The internet and thus the world wide web is constantly developing and evolving into new directions and while the changes described for the Web 2.0 are clear to us today, the definition for the Web 3.0 is not definitive yet. Continuing the read to read-write description form earlier, it might be argued that the Web 3.0 would be the “read-write-execute” web. One interpretation of this, is that the web enables software agents to work with documents by using semantic markup. This allows for smarter searches and the presentation of relevant data fitting into context. This is why Web 3.0 is sometimes called the semantic executive web.
But what does this mean?
It’s about user input becoming more meaningful, more semantic, by users giving tags or other kinds of data to their document, that allow software agents to work with the input, e.g. to make it more searchable. The idea is to be able to better connect information that is semantically connected.
However, it might also be argued that the Web 3.0 is what some people call the Internet of Things, which is basically connecting every day devices to the internet to make them smarter. In some way, this also fits the read-write-execute model, as it allows the user to control a real life action on a device over the internet. Either way, the web keeps evolving and the following image provides a good overview and an idea where the web is heading to.
C.1.3-4 Identify the characteristics of the following:
HTTP – Hypertext Transfer Protocol
- Application layer protocol from the Internet Protocol suite to transfer and exchange hypermedia
- request-response protocol based on client-server model
- user agent (e.g. web browser) requests some resource from a server through an URL, and the web server gives and response
- different HTTP request methods, e.g. for retrieving or submitting data (GET and POST)

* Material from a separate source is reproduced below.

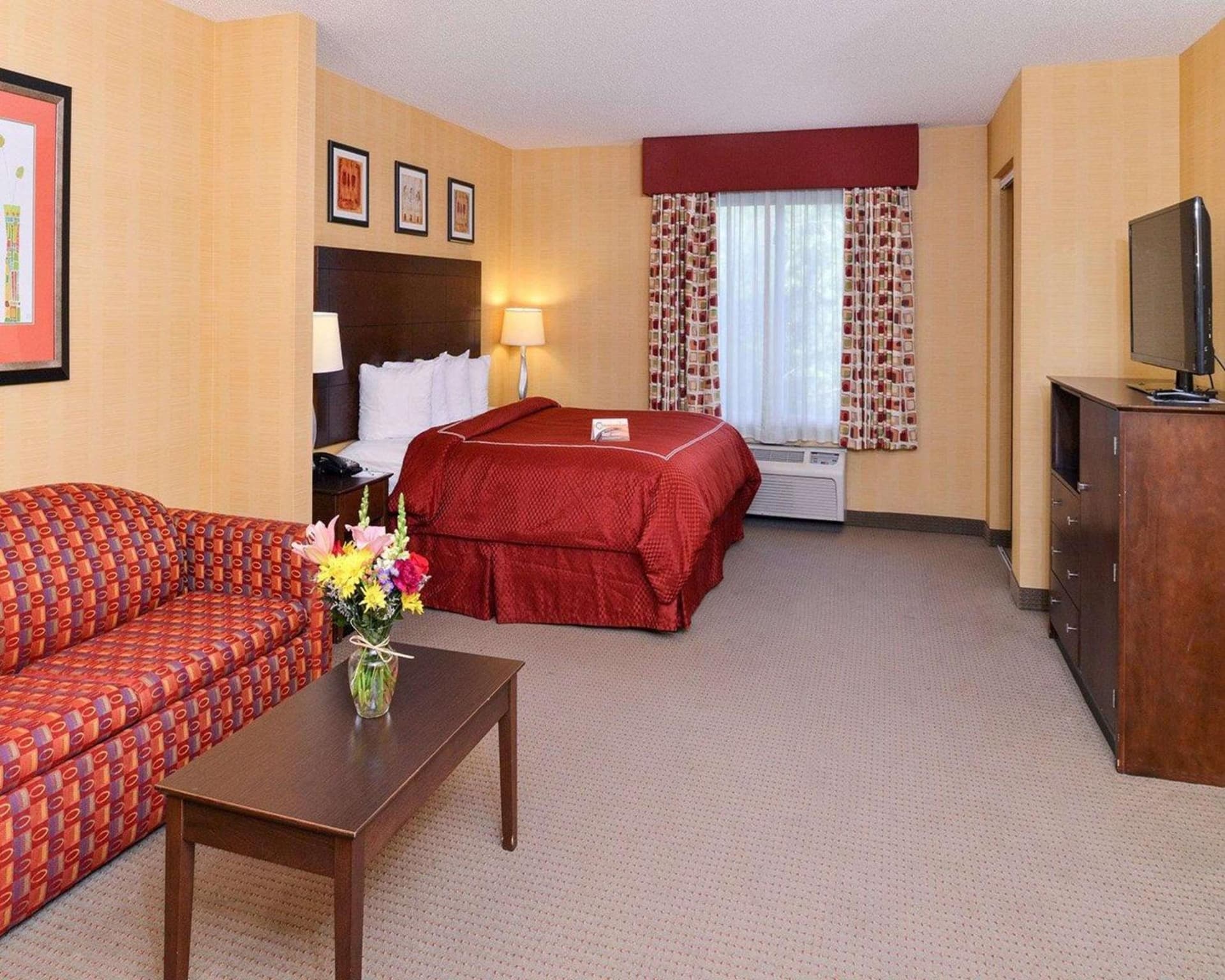 Quality Suites Stratford gallery photo in Stratford, CT — image 13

HTTPS – Hypertext Transfer Protocol Secure
- Based on HTTP
- Adds an additional security layer of SSL or TLS
- ensures authentication of website by using digital certificates
- ensures integrity and confidentiality through encryption of communication
- still possible to track IP address and port number of web server (which is why HTTPS websites are also blocked in China)
HTML – Hypertext Mark-up Language
- semantic markup language
- standard language for web documents
- uses elements enclosed by tags to markup a document
URL – Uniform Resource Locator
- unique string that identifies a web resource
- reference to a web resource
- primarily used for HTTP, but also for other protocols like FTP or email (mailto)
- includes name AND access method (e.g. ‘http://’)
- serves as a mechanism to retrieve a resource
- follows a specific syntax
XML – Extensible Mark-up Language
- markup language with a set of rules defining how to encode a document
- similar to HTML in using tags
- used for representation of arbitrary data structures
XLST – Extensible stylesheet language
- styling language for XML used for data presentation and transformation
- data presentation means displaying data in some format/medium, about style
- data transformation is about parsing a source tree of nodes out and transform it into something different
- XLST can be used to transform XML files into other XML files, HTML, PDF, PNG and others
- interpreted programming language
- core technology of most websites with HTML and CSS
- high-level, dynamic and untyped; therefore relatively easy for beginners
- allows to dynamically manipulate the content of HTML documents
- makes websites dynamic
CSS – Cascading style sheet
- style sheet language to describe the presentation of a mark-up document, usually HTML
- used to create better designed websites
- intended to separate content in presentation in HTML and CSS
- it uses selectors to describe particular elements of a document, and gives these properties that define things ranging from font color to page position
URI – Uniform Resource Identifier
- more general definition than URL
- a string serving as an identifier for some resource(document, image, mailbox, video, files, etc.)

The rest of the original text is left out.